今月の法話
令和5年2月
お念佛からはじまる幸せ
皆様にとって「幸せ」とは何でしょうか?またどんな時その幸せを感じられますか?
毎年2月になると思い返す事があり、12年経った今もそれは変わりません。お月参りを続けて下さるお檀家さまがお爺様の百ヶ日をつとめらえた次のお月参りに寄せて頂いた時の事です。
「先般はありがとうございました。無事に納骨まで済ませて頂けました。実は百ケ日の日、中学生の孫はクラブの試合があって来てませんでしたが、前日にお爺ちゃんに手を合わしに来てくれましてね。お位牌に手を合わせ、お骨を抱きしめて「お爺ちゃん、またね」そしてお骨を抱きしめたままお爺ちゃんの部屋に行って「お爺ちゃんの匂いがする。このままこの部屋置いといてね」と言うて帰って行きましてね。まさか前日にわざわざ思春期の孫が来てくれるとは思ってもいなかったですし、ましてやその様な言葉を言うてくれるとは・・・。それが本当に嬉しくて嬉しくて」と、涙を零されておりました。
それまでのお孫さまは、阿弥陀様とかお念佛など信心頂いておられなかったように思います。しかし、お爺ちゃんに対しての感謝の気持ちやもう一度会いたいと思われるそのお気持ちが、ご一緒に座ってお参りするようになられ、阿弥陀様とのご縁を深めてきて頂いたお爺ちゃんお婆ちゃんのぶれない信仰心が、お孫さまの心に受け継いで頂いたのではないかと。

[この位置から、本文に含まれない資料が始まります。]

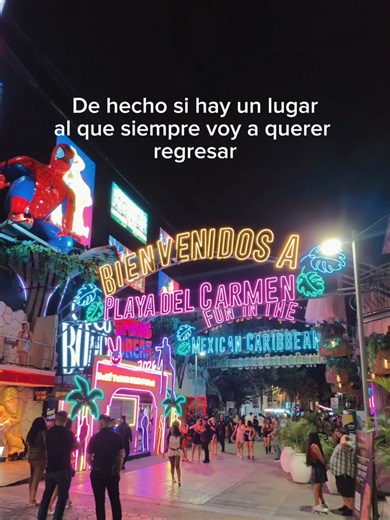 De Hecho Hay un Lugar al que Volvería: Playa del Carmen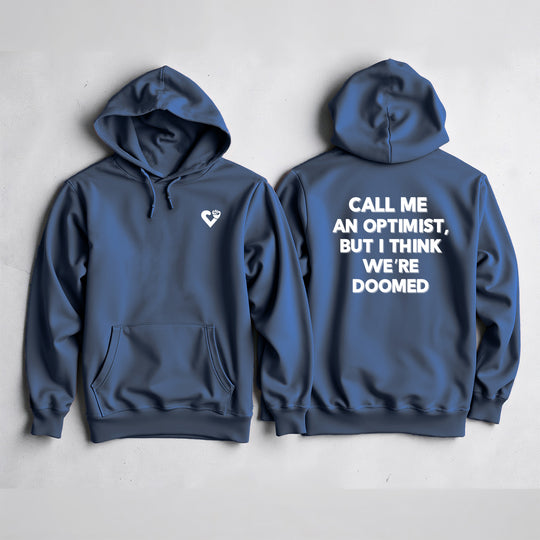 Optimist Doomed Hoodie, Funny Sarcastic Saying Jacket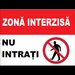 Placuta zona interzisa nu intrati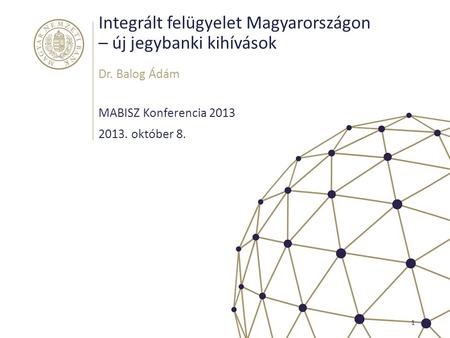 Integrált felügyelet Magyarországon – új jegybanki kihívások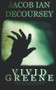 Vivid Greene: and Other Unusual Stories by Jacob Ian DeCoursey, 9780578579047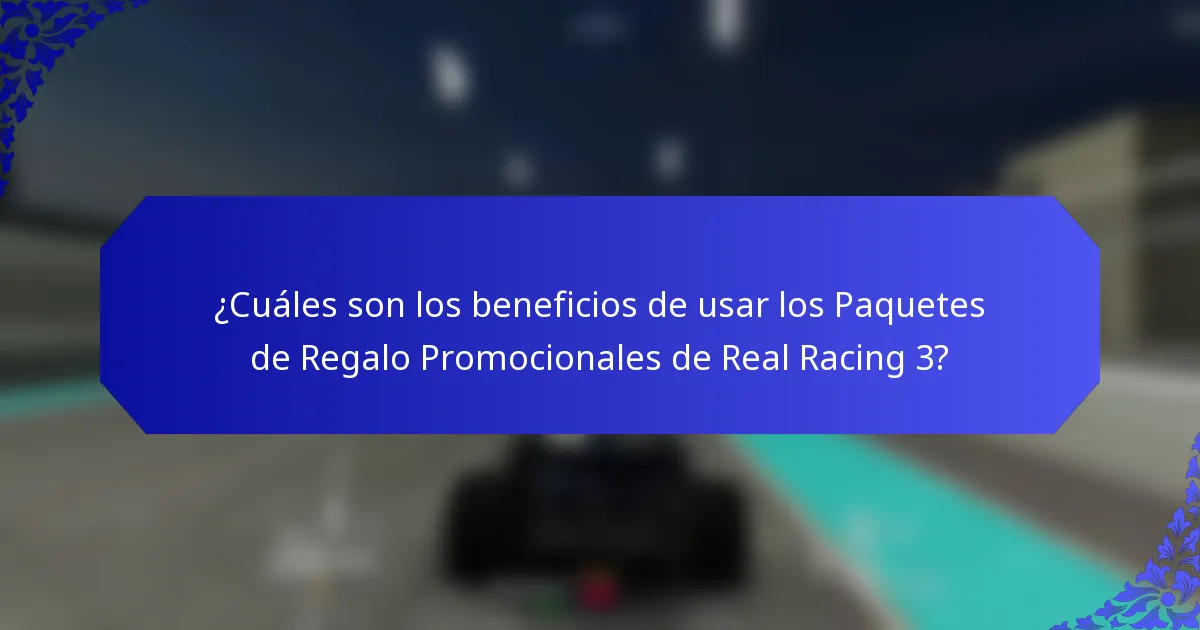 ¿Cuáles son los beneficios de usar los Paquetes de Regalo Promocionales de Real Racing 3?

阿弥陀様を信じる心から、お念仏をお称えさせて頂く幸せを感じつつ、人としての優しさや、思いやりの心を育てる事が出来るのではないでしょうか。人としての本来持つべきみ心を育て、心の健康、体の健康を育んで頂いているものと受け止めさせて頂いた次第です。 今月13回忌の法要、久々にお孫さまに会えるのが楽しみです。